Pré-candidato ao governo do Ceará evita comentar crise interna do PL envolvendo família Bolsonaro

Ciro Gomes se recusa a comentar sobre a crise entre Michelle e Flávio Bolsonaro, afirmando que se trata de questão interna do Partido Liberal.
A crise entre Michelle e Flávio Bolsonaro ganha novos contornos nesta quarta-feira, 26 de junho, com a postura de esquiva adotada por Ciro Gomes, pré-candidato tucano ao governo cearense e figura central na polêmica familiar.
Ciro Gomes recusa comentar sobre a disputa
Ao ser questionado pelo portal G1, o pré-candidato negou conhecimento sobre o teor do vídeo em que Michelle critica o filho da família Bolsonaro. “Não vi e nem vou ver.
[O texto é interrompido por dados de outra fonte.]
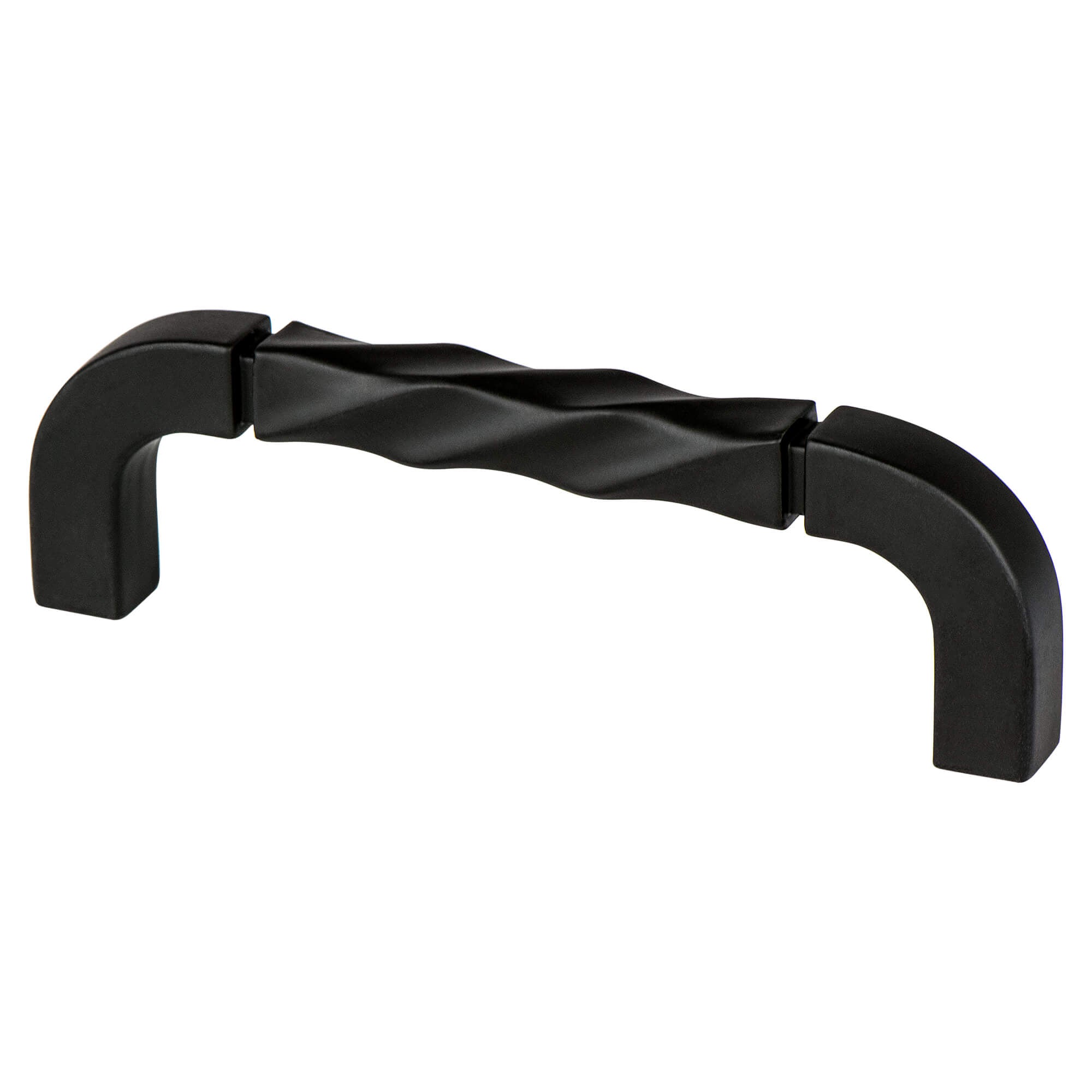 Black - 96mm - Rhapsody Pull by Berenson - New York Hardware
É uma questão do PL nacional e envolve coisas muito mais complexas do que a nossa paróquia aqui. Eu sigo aqui tranquilo”, declarou Ciro, reforçando que seu foco permanece em seu projeto de “emancipação do Ceará”.
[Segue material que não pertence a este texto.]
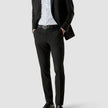 Essential Suit Pants Slim Black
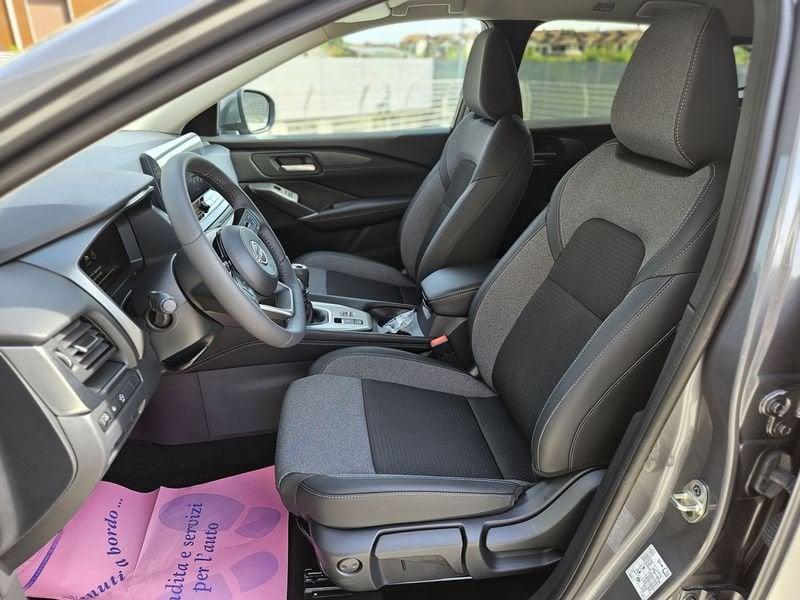 Nissan Qashqai MHEV 140 CV N-Connecta con BONUS EASY GO'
A origem da tensão no Partido Liberal
Apesar da tentativa de Ciro em se afastar, sua candidatura foi o estopim da crise. Em dezembro, Michelle expressou publicamente sua rejeição à decisão do diretório cearense do PL de apoiar o tucano, argumentando não aceitar coligação com “um homem que é contra o maior líder da direita”. A ex-primeira-dama se referia à oposição histórica de Ciro ao ex-presidente Jair Bolsonaro.
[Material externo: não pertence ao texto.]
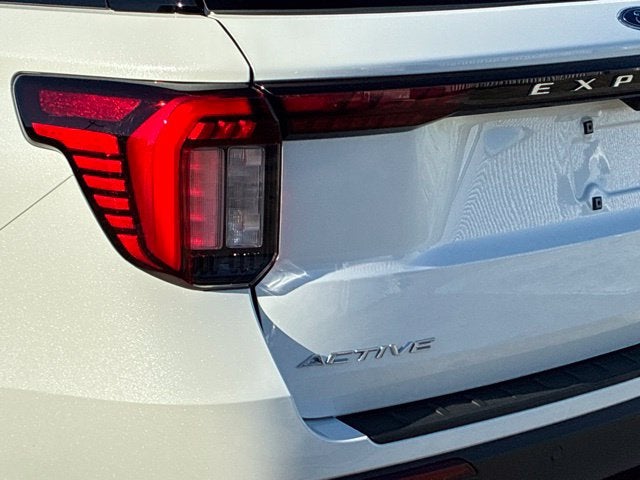 2026 Ford Explorer ACTIVE SUV Slide 12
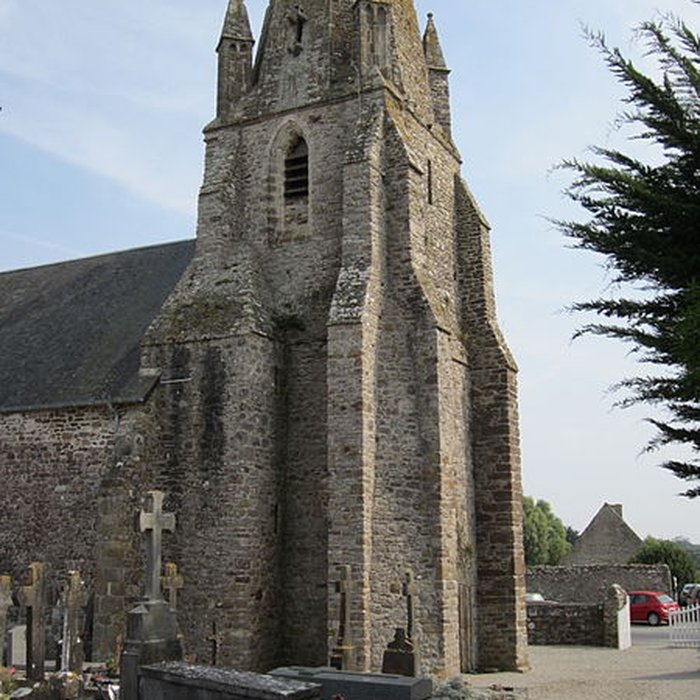 Photo de Église Notre-Dame de Regnéville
Relato de desrespeito e silêncio
Flávio reagiu nas redes sociais acusando Michelle de “atropelar a vontade do pai”. Posteriormente, a ex-primeira-dama relatou que tentou contato direto com Flávio para resolver o desentendimento, mas foi recebida com frieza. Segundo seu testemunho, Flávio a orientou a se manter afastada das decisões partidárias, alegando que ela havia chegado “ontem” e desconhecia os meandros da política. Desde então, o distanciamento entre ambos se aprofundou, evidenciando fraturas na coesão da base bolsonarista no Ceará.
Implicações políticas para 2026
A postura de Ciro em se esquivar reflete o incômodo causado pela aliança. Sua candidatura cearense depende do apoio do PL, mas a oposição da ala Bolsonaro à coligação compromete recursos e engajamento. A estratégia adotada de minimizar a importância do conflito sugere uma tentativa de preservar os alinhamentos conquistados sem antagonizar diretamente a família que ainda exerce influência significativa na base conservadora brasileira.